* **WHAT IS NEEDED**
From the records below, output exactly the lines starting at the line with "영아기, 유아기, 아동기, 청소년기의 또래관계 발달-5" and ending at the line with "知味观(湖滨总店) - 阳江保利银滩高尔夫套票-海滨高尔夫旅游1球1晚套餐", both of them included, but no pictures.

* **LISTED ENTRIES**
........

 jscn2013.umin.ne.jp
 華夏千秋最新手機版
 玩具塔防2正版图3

........

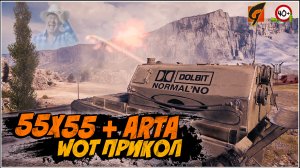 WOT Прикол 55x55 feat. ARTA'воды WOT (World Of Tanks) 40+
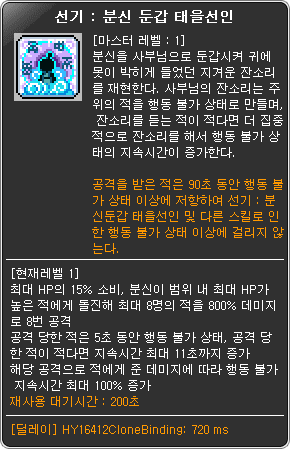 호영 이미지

........

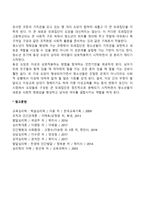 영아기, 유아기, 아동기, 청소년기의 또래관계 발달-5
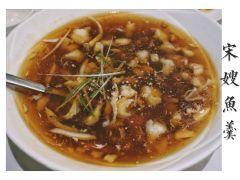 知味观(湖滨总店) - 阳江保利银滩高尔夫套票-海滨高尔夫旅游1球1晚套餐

........

* **EXERCISE OUTPUT**
 영아기, 유아기, 아동기, 청소년기의 또래관계 발달-5
 知味观(湖滨总店) - 阳江保利银滩高尔夫套票-海滨高尔夫旅游1球1晚套餐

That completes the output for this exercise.